In the Diaspora

Rethinking Inter-American Relations


By Cary Fraser

Cary Fraser teaches African and African American Studies and History at Penn State University
We will return to the final installation of Wazir Mohammed’s series on rice and globalization next week.

When Barack Obama is sworn in as the first African American President of the United States tomorrow, the United States, like Canada, will have a Head of State who is a person of colour. In 1999, Canada appointed Chinese-Canadian Adrienne Clarkson as its Governor-General. She was succeeded in 2005 by Haitian-Canadian Michaelle Jean. These developments signal the emergence of a new era in North America, a move towards a politics of inclusion that has allowed individuals from historically disadvantaged communities to become visible symbols of leadership in multicultural democracy. While Canada’s earlier accomplishment did not receive the level of international attention that surrounded Obama’s election, it was no less significant.  These events are part of the ongoing saga of two societies which have shared the North American mainland but the political trajectories of which have provided some interesting contrasts over the course of history.

One key difference between Canada and the United States has been in the area of foreign policy after 1945. Canadian foreign policy has defined the country as a junior partner in the North Atlantic alliance under American leadership, but Canada has often pursued policies that distinguish it from the United States. In the Americas, Canada’s maintenance of diplomatic and commercial ties with Cuba following the 1959 revolution has signaled a willingness to maintain some distance from American policy. Its progressive domestic social policies, particularly health care, are another indicator of differences in political culture. Just as important, after 1945, both societies were reshaped by the struggle for a politics of inclusion for minority groups in each society – African Americans and Francophone Canadians. While the American civil rights struggle had garnered much greater international attention, the Canadian struggle was just as significant in national and hemispheric terms. It is perhaps coincidental that Barack Obama’s rise to the presidency has followed Michaelle Jean as the head of state in Canada. However, it is also important to recognise that Barack Obama’s election has followed by some 40 years that of Pierre Trudeau, the French Canadian Prime Minister whose influence in reshaping post-1945 Canada was extraordinary. He was elected Prime Minister of Canada in 1968, less than three weeks after Martin Luther King Jr. was assassinated in Memphis. His roots in the Catholic intelligentsia, his career as a professor of law before entering national politics, and his early involvement in the social democratic movement, as well as his Francophone origins, did not prove to be insurmountable barriers to election to the highest office in Canada. His election led to the establishment of the pluralist and progressive social contract that has redefined Canadian politics and society.

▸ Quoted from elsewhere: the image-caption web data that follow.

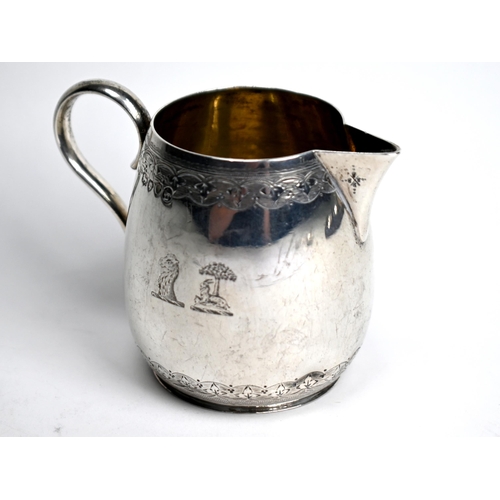 56 - Victorian silver ovoid jug with foliate-engraved decoration and scroll handle, Henry Holland, London... 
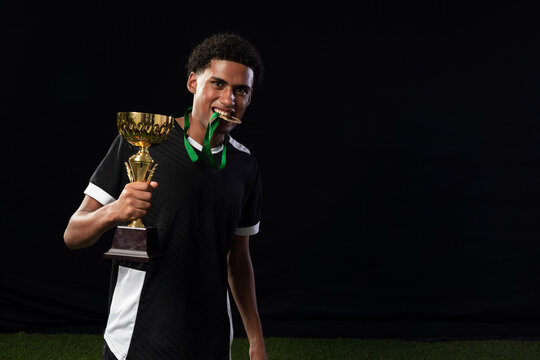 African American man in jersey holding gold trophy biting green-ribbon medal studio turf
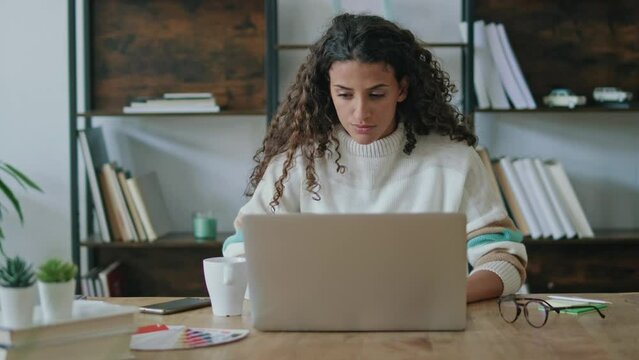 Video of concentrated beautiful business woman working with laptop in living room at home.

Like Obama, Trudeau was an “outsider” who became a transformative figure in Canadian politics; Obama might be well served by looking to Trudeau’s experience as he confronts the challenges that will face him once he assumes office.

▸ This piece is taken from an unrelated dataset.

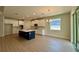 Spacious eat in kitchen with white cabinetry, stainless appliances, and island with sink at 329 Lady Palm St, Apopka, FL 32703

Canadian politics has been ahead of American politics, as in the instances of its health care system, the appointment of Adrienne Clarkson and Michaelle Jean, and the election of Pierre Trudeau. It is perhaps time for American leaders to pay closer attention to the temper and direction of Canadian politics in developing strategies for shaping American domestic and foreign policies in this new century. In the past few years, the Bush administration’s cultivation of close ties with the Conservative party governments in Canada has been an interesting and problematic indicator of ideological convergence across the border. Nonetheless, the policies set in place under Trudeau continue to be relevant for the Obama administration since they have remained durable even in an era of Conservative governance.

Canadian foreign policy strategy also has some interesting lessons for American policymakers. Canada presents itself as a society anchored in a pluralist vision of the “West” – acknowledging the multiple European intellectual and cultural streams that have influenced its development but remaining a member of the Commonwealth group which links the countries that emerged out of the British empire in the 20th century. By virtue of its engagement with this post-imperial grouping of countries from Africa, Asia, and the Caribbean, Canada is more directly aware of the anti-colonial currents that continue to invigorate the politics of these regions. Canadian involvement with the countries of the Americas – where the imperial experience under both Europe and America continues to shape the region’s politics – has also been a source of some sensitivity to the currents that animate the politics of the non-European world and the relationship with the “West.” This was evident in the mid-1990s when Canada was supportive of the restoration of Jean-Bertrand Aristide as President of Haiti. On the other hand, Canada’s tepid response to the overthrow of Aristide in 2004 – which also found support from the United States and France – and its current position on Haiti have raised legitimate concerns about the direction of Canadian foreign policy and its implications for the region. In this regard, Trudeau’s legacy of distancing Canada from the Republican ideological agenda has proven to be farsighted given the intellectual disarray that has overtaken American conservatism under George W. Bush.

For the Obama administration, it would be useful to refurbish the image of America as a product of the earlier anti-colonial struggle of the late 18th and early 19th centuries – the period of the Atlantic Revolutions that led to the independence of the majority of states in the Americas, as well as Haiti in the Caribbean. The Bush administration embrace of an “imperial mission” in Iraq has done enormous damage to the image and substance of American foreign policy. The American imperial project represents a rejection of the anti-colonial struggle that defined the creation of the country. Barack Obama, as the grandson of a British detainee in the struggle for Kenyan independence, may have the credibility to revitalize an alternative vision of American foreign policy rooted in opposition to colonial rule. His predecessor, John F. Kennedy, as the scion of a prominent Irish-American Catholic family, was very effective in articulating  rhetorical support for an end to European empire – in part, because of the Irish nationalist struggle for independence from Britain in the 20th century. The American support for “self-determination” was also a key plank in Woodrow Wilson’s foreign policy strategy during and after World War I. Thus, there is precedent in American history and foreign policy from which to articulate a principled opposition to imperialism.

To decisively break with the Bush administration’s foreign policy, the Obama administration need only clearly indicate its willingness to abandon the politics of imperial/colonial rule. One key signal would be to close the prison camp and torture centre at the Guantanamo base in Cuba that has become a symbol of the dark undercurrents that shaped the Bush administration’s imperial adventure in Iraq. Moreover, the return of the base to Cuba would provide a powerful signal of America’s willingness to seek a new era in inter-American relations – as Franklin D. Roosevelt did with his Good Neighbour Policy in the midst of the Great Depression by withdrawing American occupation forces from Haiti. The restoration of Cuban sovereignty at Guantanamo would signal that America is willing to recognize and engage with other American states on the basis of respect for national sovereignty. It would also bring an end to the Cold War in the Caribbean and open the way for an end to the American trade embargo against Cuba.

As Canada has historically shown, there are productive alternatives to the pursuit of imperial strategies in inter-American relations; the United States under an Obama administration would be well served by following some of these Canadian precedents.